The more recent voyage did include some highlights, not the least of which was reaching 78 degrees 44 minutes South latitude. And I have just stumbled on an online article that emphasises the significance of that. I recommend that you have a quick read at https://www.mycg.uscg.mil/News/Article/2969915/coast-guard-cutter-polar-star-sets-world-record-with-voyage-to-antarctica/. And note that the Spirit of Enderby is the ship that took us to Antarctica three years ago. By my calculations, the 1.32 seconds by which the US Coast Guard holds the record is equivalent to a bit under 41 metres that our ship could easily have beaten if we had just nudged up a bit closer to the ice. I doubt if we got within a hundred metres of it and I thought at the time that the Captain was being his usual conservative self, notwithstanding his expressed disappointment that we never set a new record.
Walking on the ice, particularly at Mt Siple, but also at Cape Hallett, gave me a big buzz - it was quite a unique experience.
Watching the ship crunch through the thick ice was also fascinating, even awe-inspiring, as we faced a solid wall of ice up to at least three metres thick - and simply smashed our way through. An amazing sight.

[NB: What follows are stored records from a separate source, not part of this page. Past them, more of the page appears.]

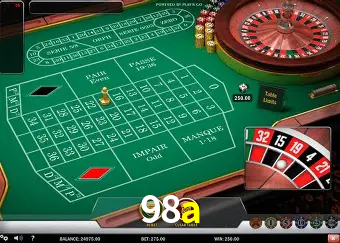 Descubra a Magia dos Jogos de Arcade no 98a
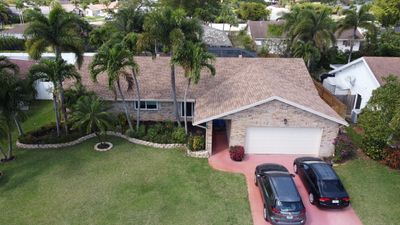 Residential Roofing Installation using GAF
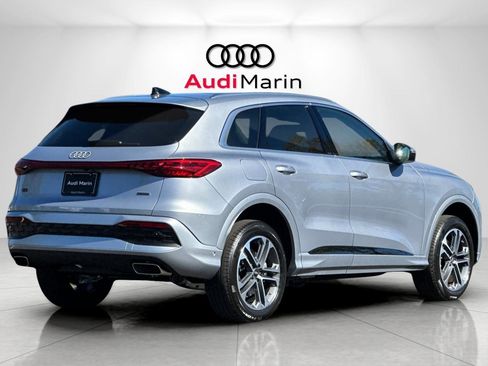 New 2025 Audi Q5 Premium Plus w/ Premium Plus image 5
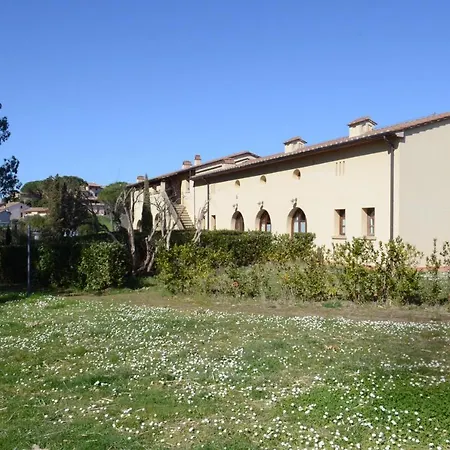 Holiday park Il Poggio Di San Ruffino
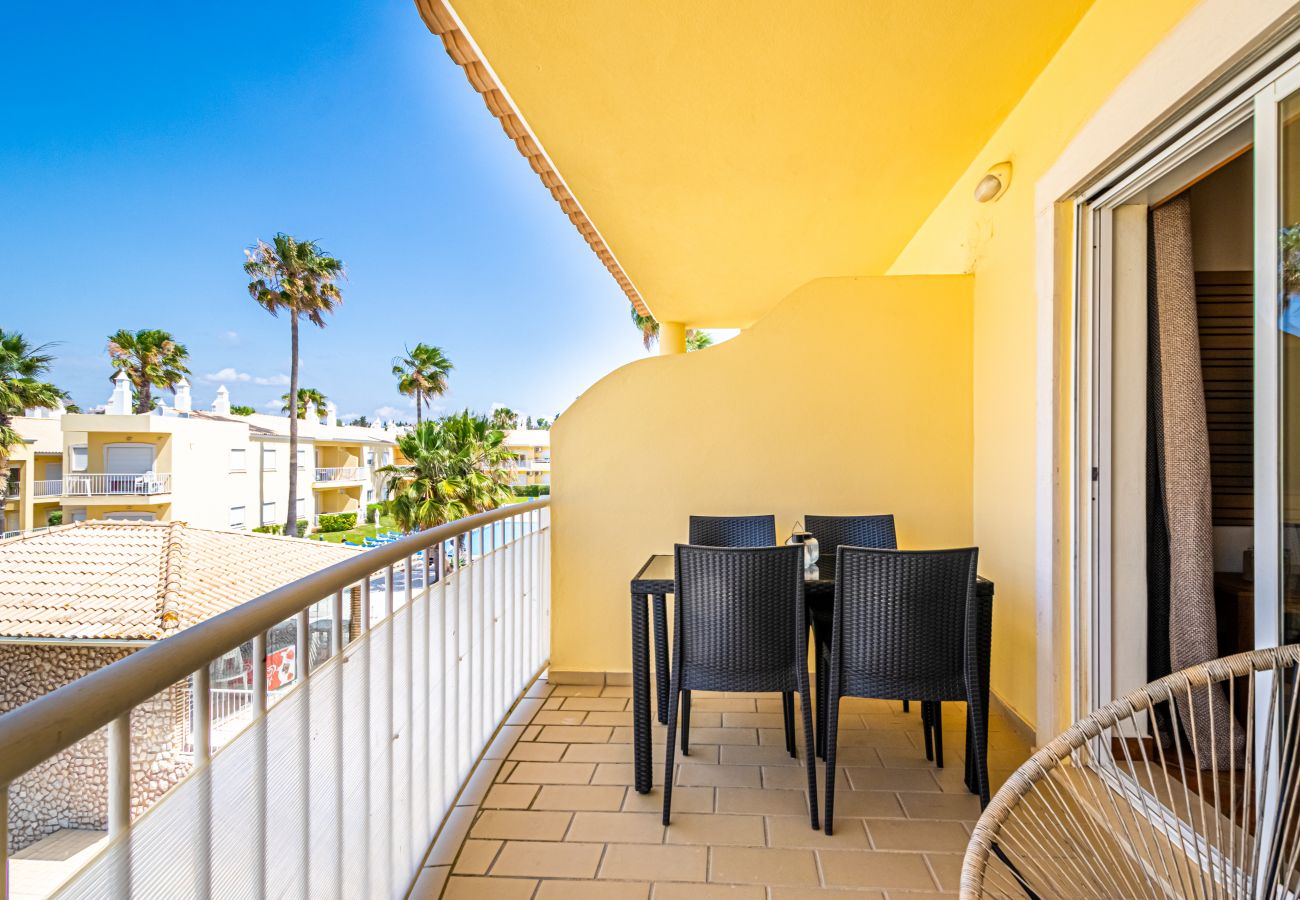 Apartamento en Albufeira - BeGuest Jardins Vale Parra Apartment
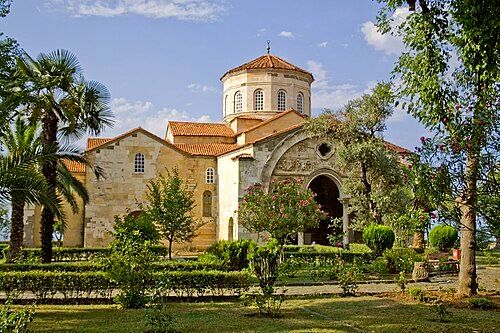 Trabzon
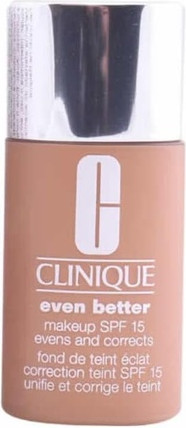 Clinique Deep Neutral Foundation
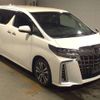 toyota alphard 2019 -TOYOTA--Alphard DBA-AGH30W--AGH30-0300380---TOYOTA--Alphard DBA-AGH30W--AGH30-0300380- image 4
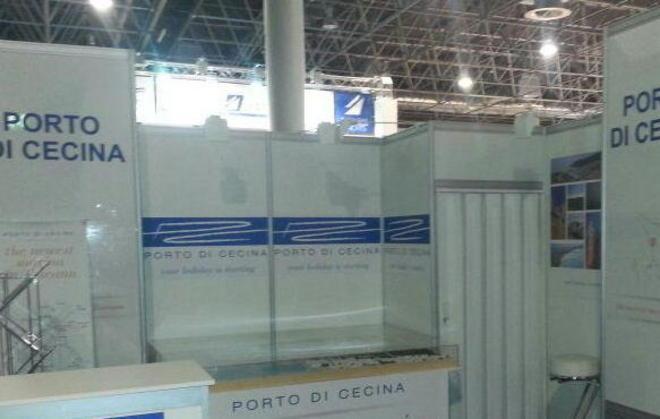 50 armatori del nord Europa interessati al porto di Cecina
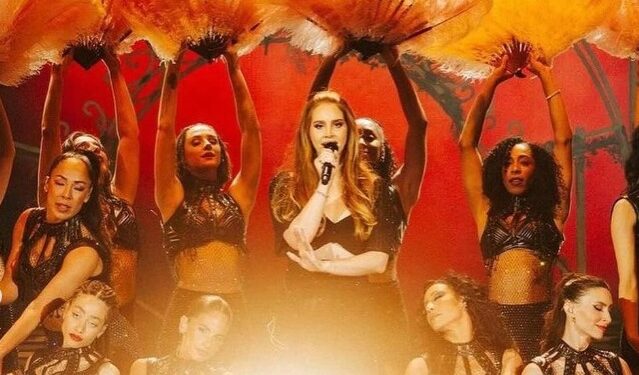 LANA DEL REY DEBUTA EN UN ESTADIO: FENWAY PARK RECIBIRÁ A LA ESTRELLA MUSICAL 1 LANA DEL REY DEBUTA EN UN ESTADIO: FENWAY PARK RECIBIRÁ A LA ESTRELLA MUSICAL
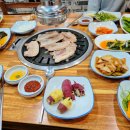 암소원 식당 이미지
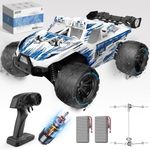 DEERC 9003E 1:14 All Terrain RC Car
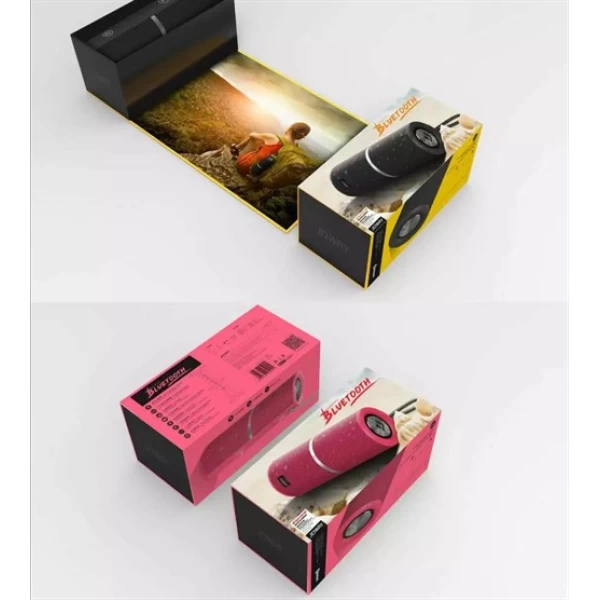 اسپیکر بلوتوث جووی JOWAY BM168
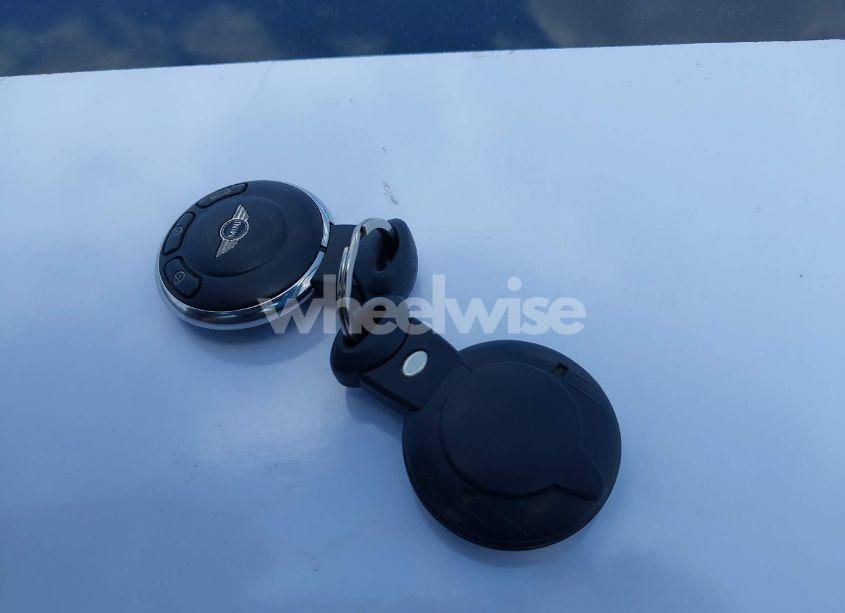 Photo 11 of 2012 Mini Cooper S (VIN WMWSV3C5XCTY17852)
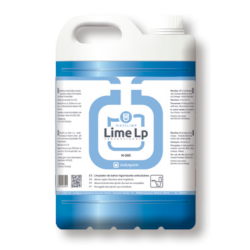 WC patalpų valiklis nuo kalkių Lime 5 l.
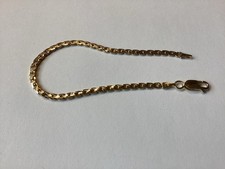 Goldarmband 585er Goldarmband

I loved the storms - Nature in the raw. They didn’t impact the ship to any great extent but watching the swell and huge clouds of spindrift was quite exciting. And seeing so much snow that decorated the external areas of the ship for several days was something quite new for me.
The wildlife is always a highlight although I never thought as much about it at the time this trip. But we saw five species of seals, millions (literally) of penguins, ninety-six species of birds and a few whales. We have probably seen more and more variety on other trips, but this was still impressive.
The Captain’s conservatism or risk-averseness meant we lost several opportunities to experience more but we had no control over that – unfortunately, he is God on board.
The food was fine, perhaps not quite what we expected from French chefs but perfectly adequate. The staff were brilliant and the lectures the best we have had on any previous trip. And ‘all you can drink’ for about 18 hours a day makes up for a lot.
All in all, it was a great trip with some once in a lifetime experiences that I will never forget. I just need time to cement the memories more securely before we embark on yet another extraordinary series of adventures.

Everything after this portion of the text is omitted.